Exercise aim |
Set the data down again, exactly as it appears below.

Available data |
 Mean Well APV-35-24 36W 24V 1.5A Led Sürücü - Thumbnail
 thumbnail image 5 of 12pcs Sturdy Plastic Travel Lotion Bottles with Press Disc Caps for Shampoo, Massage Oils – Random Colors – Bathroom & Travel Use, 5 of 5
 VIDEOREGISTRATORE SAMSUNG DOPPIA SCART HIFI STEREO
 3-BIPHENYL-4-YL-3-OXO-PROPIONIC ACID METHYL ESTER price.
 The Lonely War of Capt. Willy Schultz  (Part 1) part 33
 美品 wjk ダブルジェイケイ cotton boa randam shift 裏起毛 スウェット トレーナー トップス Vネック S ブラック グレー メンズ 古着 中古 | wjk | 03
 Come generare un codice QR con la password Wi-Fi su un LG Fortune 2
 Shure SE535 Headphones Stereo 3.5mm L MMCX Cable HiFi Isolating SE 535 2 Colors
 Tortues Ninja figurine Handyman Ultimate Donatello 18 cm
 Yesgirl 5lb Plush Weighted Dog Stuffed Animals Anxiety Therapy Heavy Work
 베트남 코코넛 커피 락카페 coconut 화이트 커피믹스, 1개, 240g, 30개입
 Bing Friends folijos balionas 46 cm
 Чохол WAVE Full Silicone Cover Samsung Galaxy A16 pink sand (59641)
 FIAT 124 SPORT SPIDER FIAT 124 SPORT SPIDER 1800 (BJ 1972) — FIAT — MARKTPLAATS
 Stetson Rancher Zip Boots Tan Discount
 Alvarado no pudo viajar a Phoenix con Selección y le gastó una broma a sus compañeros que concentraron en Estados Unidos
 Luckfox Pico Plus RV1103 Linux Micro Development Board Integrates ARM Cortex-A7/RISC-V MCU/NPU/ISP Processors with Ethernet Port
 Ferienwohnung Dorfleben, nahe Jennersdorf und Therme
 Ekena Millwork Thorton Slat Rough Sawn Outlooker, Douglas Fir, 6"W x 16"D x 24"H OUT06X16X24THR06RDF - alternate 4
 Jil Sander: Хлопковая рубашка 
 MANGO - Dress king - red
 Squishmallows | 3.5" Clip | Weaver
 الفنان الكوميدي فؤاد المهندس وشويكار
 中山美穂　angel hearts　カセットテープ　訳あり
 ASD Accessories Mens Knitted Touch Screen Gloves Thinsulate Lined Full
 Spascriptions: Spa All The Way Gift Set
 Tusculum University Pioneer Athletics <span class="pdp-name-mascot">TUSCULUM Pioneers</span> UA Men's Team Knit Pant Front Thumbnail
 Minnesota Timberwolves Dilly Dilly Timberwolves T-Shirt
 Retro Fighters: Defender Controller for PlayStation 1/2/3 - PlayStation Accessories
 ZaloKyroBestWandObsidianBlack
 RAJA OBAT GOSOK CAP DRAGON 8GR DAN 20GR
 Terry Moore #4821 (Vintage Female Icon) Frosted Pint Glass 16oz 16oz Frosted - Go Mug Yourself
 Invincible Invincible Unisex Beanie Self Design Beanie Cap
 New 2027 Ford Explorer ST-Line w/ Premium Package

Result of the exercise |
 Mean Well APV-35-24 36W 24V 1.5A Led Sürücü - Thumbnail
 thumbnail image 5 of 12pcs Sturdy Plastic Travel Lotion Bottles with Press Disc Caps for Shampoo, Massage Oils – Random Colors – Bathroom & Travel Use, 5 of 5
 VIDEOREGISTRATORE SAMSUNG DOPPIA SCART HIFI STEREO
 3-BIPHENYL-4-YL-3-OXO-PROPIONIC ACID METHYL ESTER price.
 The Lonely War of Capt. Willy Schultz  (Part 1) part 33
 美品 wjk ダブルジェイケイ cotton boa randam shift 裏起毛 スウェット トレーナー トップス Vネック S ブラック グレー メンズ 古着 中古 | wjk | 03
 Come generare un codice QR con la password Wi-Fi su un LG Fortune 2
 Shure SE535 Headphones Stereo 3.5mm L MMCX Cable HiFi Isolating SE 535 2 Colors
 Tortues Ninja figurine Handyman Ultimate Donatello 18 cm
 Yesgirl 5lb Plush Weighted Dog Stuffed Animals Anxiety Therapy Heavy Work
 베트남 코코넛 커피 락카페 coconut 화이트 커피믹스, 1개, 240g, 30개입
 Bing Friends folijos balionas 46 cm
 Чохол WAVE Full Silicone Cover Samsung Galaxy A16 pink sand (59641)
 FIAT 124 SPORT SPIDER FIAT 124 SPORT SPIDER 1800 (BJ 1972) — FIAT — MARKTPLAATS
 Stetson Rancher Zip Boots Tan Discount
 Alvarado no pudo viajar a Phoenix con Selección y le gastó una broma a sus compañeros que concentraron en Estados Unidos
 Luckfox Pico Plus RV1103 Linux Micro Development Board Integrates ARM Cortex-A7/RISC-V MCU/NPU/ISP Processors with Ethernet Port
 Ferienwohnung Dorfleben, nahe Jennersdorf und Therme
 Ekena Millwork Thorton Slat Rough Sawn Outlooker, Douglas Fir, 6"W x 16"D x 24"H OUT06X16X24THR06RDF - alternate 4
 Jil Sander: Хлопковая рубашка 
 MANGO - Dress king - red
 Squishmallows | 3.5" Clip | Weaver
 الفنان الكوميدي فؤاد المهندس وشويكار
 中山美穂　angel hearts　カセットテープ　訳あり
 ASD Accessories Mens Knitted Touch Screen Gloves Thinsulate Lined Full
 Spascriptions: Spa All The Way Gift Set
 Tusculum University Pioneer Athletics <span class="pdp-name-mascot">TUSCULUM Pioneers</span> UA Men's Team Knit Pant Front Thumbnail
 Minnesota Timberwolves Dilly Dilly Timberwolves T-Shirt
 Retro Fighters: Defender Controller for PlayStation 1/2/3 - PlayStation Accessories
 ZaloKyroBestWandObsidianBlack
 RAJA OBAT GOSOK CAP DRAGON 8GR DAN 20GR
 Terry Moore #4821 (Vintage Female Icon) Frosted Pint Glass 16oz 16oz Frosted - Go Mug Yourself
 Invincible Invincible Unisex Beanie Self Design Beanie Cap
 New 2027 Ford Explorer ST-Line w/ Premium Package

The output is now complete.